Code as a Liberal Art, Spring 2025

Unit 2, Lesson 3 Homework

Due: Wednesday, April 9, 8pm

  1. Review the class notes for this week.
  2. Make sure that you have the code that we worked on in class operating correctly.

    Try running your Markov data structure generator on another sample input. Let's try Jorge Luis Borges' "The Garden of Forking Paths".

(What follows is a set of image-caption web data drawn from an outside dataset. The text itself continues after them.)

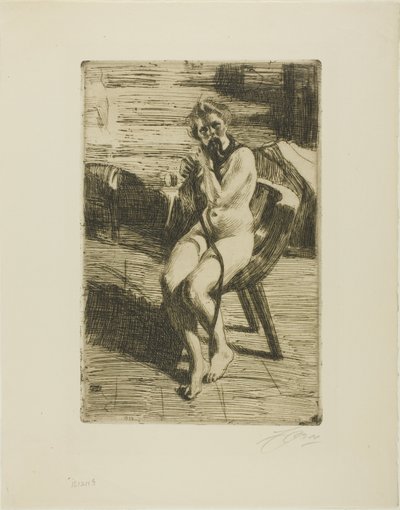 Vlasová stuha od Anders Leonard Zorn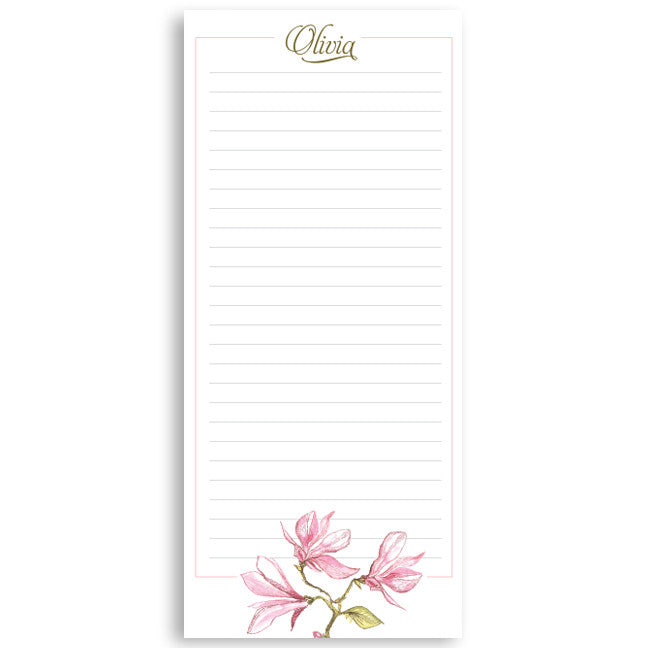 Customized Notepad Gift Set Artistic Floral - RSVP Style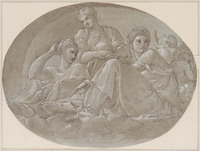 A+ 047
<br/>
Ceres, twee godinnen en twee putti
<br/>
<em>Primaticcio, Francesco (1504-1570) - kopie naar</em>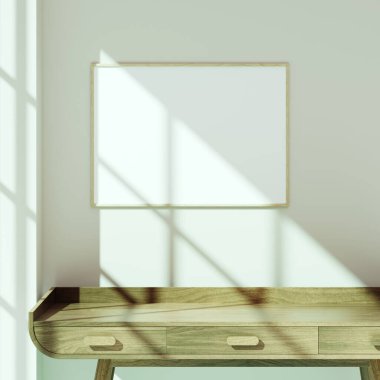 Mankenler ve sanat çizimleri için boş çerçevelenmiş tuval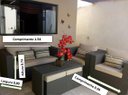 Ver imagem 4 de Conjunto de Sofá de 4 Lugares em Fibra Sintética + Mesa com Puff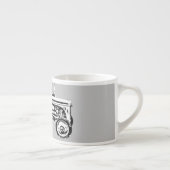  Grijze gisttrekker Espresso Kop (Rechts)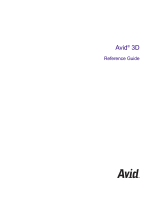 Avid 3D 3D 5.7 User guide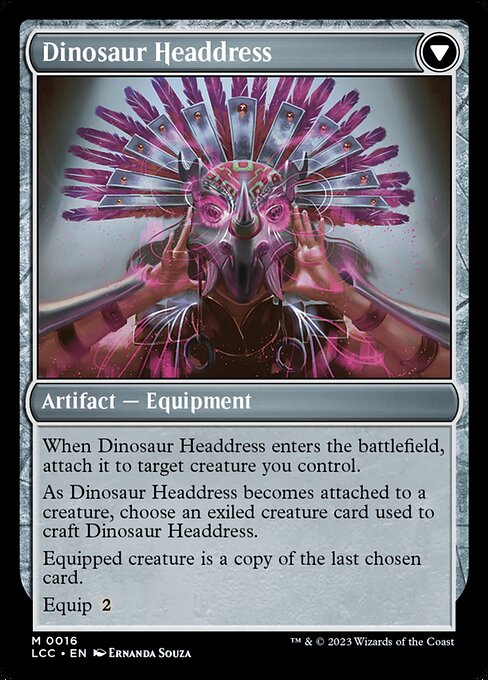 Paleontologist's Pick-Axe (16) [The Lost Caverns of Ixalan Commander] Reverse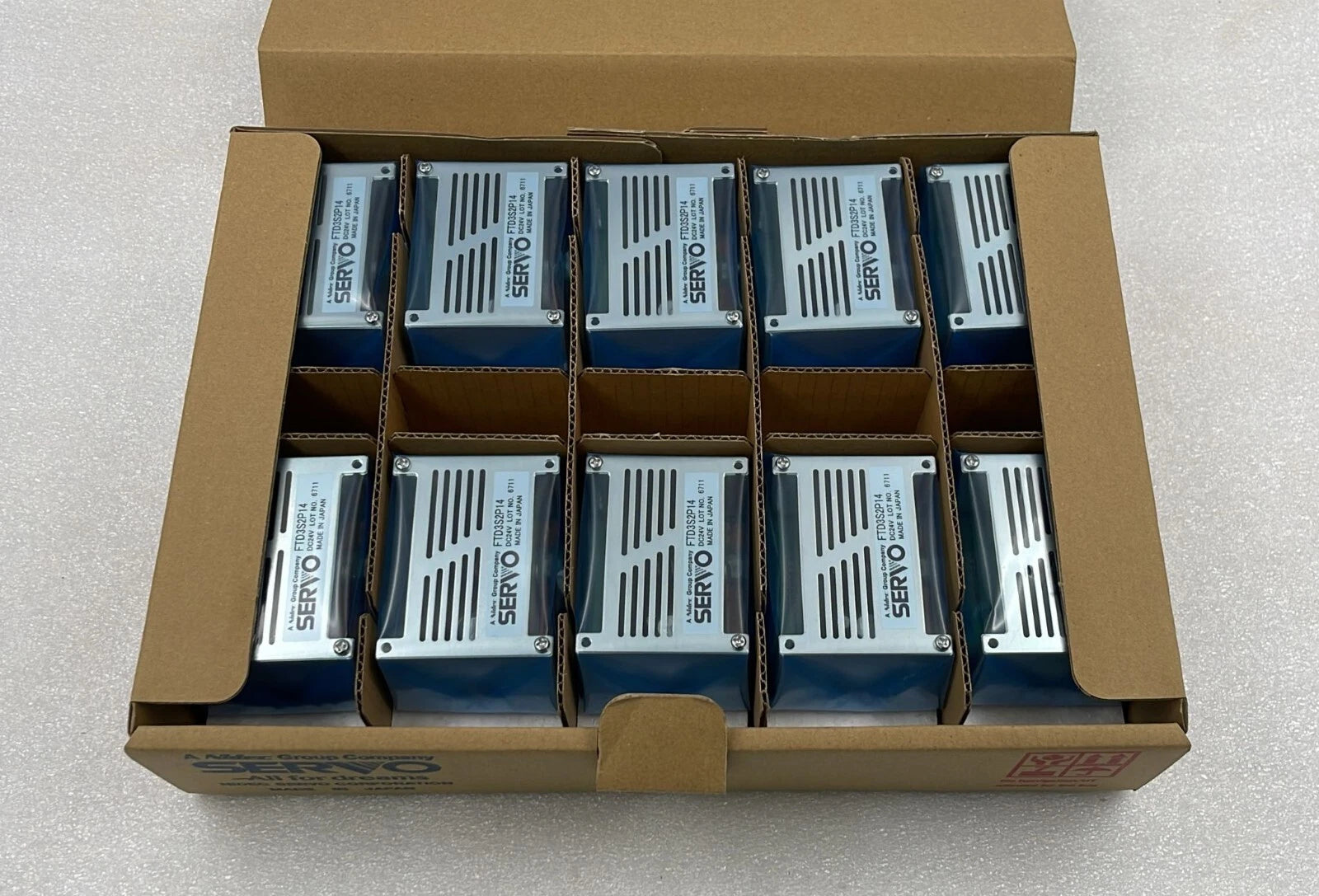 [LOT 10] NEW** Nidec SERVO FTD3S2P14 Hybrid Stepping Motor Driver DC24V AS41037A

    Try using pprint.pp() to print out the next word lists for a few select words. Compare your outputs and make sure they are identical to these:

    pprint.pp(markov["In"]):
    ['his',
     'despite',
     'the',
     'ten',
     'all',
     'all',
     'the',
     "Ts'ui",
     'the',
     'the',
     'your',
     'some',
     'this',
     'another,',
     'yet',
     'the',
     'point'],
    
    pprint.pp(markov["by"]):
    ['thirteen',
     'fourteen',
     'Dr.',
     'a',
     'train.',
     'making',
     'besting',
     'an',
     'a',
     'the',
     'distance.',
     'clapping',
     'the',
     'the',
     'many',
     'the',
     'one',
     'them',
     'means',
     'the',
     'careless',
     'lightning.',
     'the',
     'the',
     'the'],
    
    pprint.pp(markov["other"]):
    ['men,',
     'men,',
     'enterprise',
     'than',
     'times.',
     'bifurcations.',
     'possible',
     'through',
     'dimensions',
     'course'],
    
    Can you find any other interesting outputs from running this code on this input data? Upload any interesting outputs that you can find.
  3. There seems to be a lot of garbage characters and weird formatting in the David Copperfield text. Try to clean up that file and see if it appears to improve the behavior of the Markov process in any way. Does the data structure look good, or is there junk in it? Are there some things you can do to "clean up"" this data? Post your results.

  4. Try to make some progress on the text generation part of the Markov process. Try to get started on using a Markov data structure to generate text. Upload your code and any output.